William Sparks, the lead astronomer on the study, said he could think of no natural phenomenon other than water plumes that might produce such protuberances.
“We’re not aware of any instrumental artefacts that could cause these features; they are statistically significant. But we remain cautious because we are working at difficult wavelengths for Hubble,” the BBC quoted him as saying.
“We do not claim to have proven the existence of plumes, but rather to have contributed evidence that such activity may be present.”
Nonetheless, the location for the putative jets looks very similar to the region where Hubble earlier this decade detected an excess of oxygen and hydrogen — the component parts of water, the BBC reported.
Europa is one of the largest of Jupiter’s 67 known moons. In late 2013 the Hubble telescope observed water vapour erupting from Europa, in what was hailed as a ‘tremendously exciting’ discovery.

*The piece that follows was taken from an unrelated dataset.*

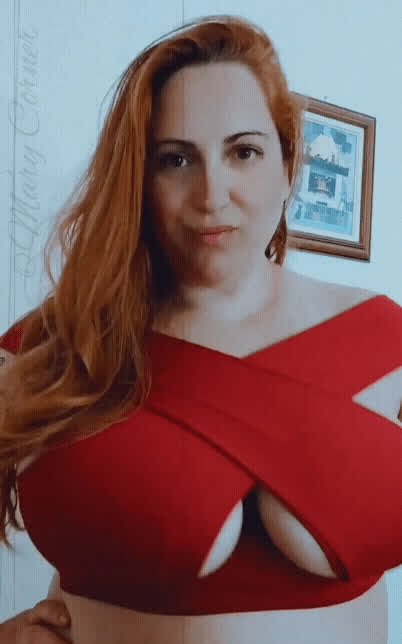 Boobies Bouncing tits Curvy humongous boobies MILF Natural tits red hair wide boobs Porn GIF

Previous scientific findings had already pointed to the existence of an ocean located under Europa’s icy crust, but it was thought teams in the future would have to drill through the thick layer of ice before any signs of life would be detectable.
Lorenz Roth of Southwest Research Institute in San Antonio said at the time that if the plumes of vapour were connected to the ocean beneath the crust they could start searching for life nearer the surface.
“This means that future investigations can directly investigate the chemical makeup of Europa’s potentially habitable environment without drilling through layers of ice,” the telegraph quoted him as saying.
“And that is tremendously exciting.”
Participants in the teleconference included Paul Hertz, director of NASA’s Astrophysics Division; William Sparks of the Space Telescope Science Institute in Baltimore; Britney Schmidt of the Georgia Institute of Technology; and Jennifer Wiseman, senior Hubble project scientist at NASA’s Goddard Space Flight Centre.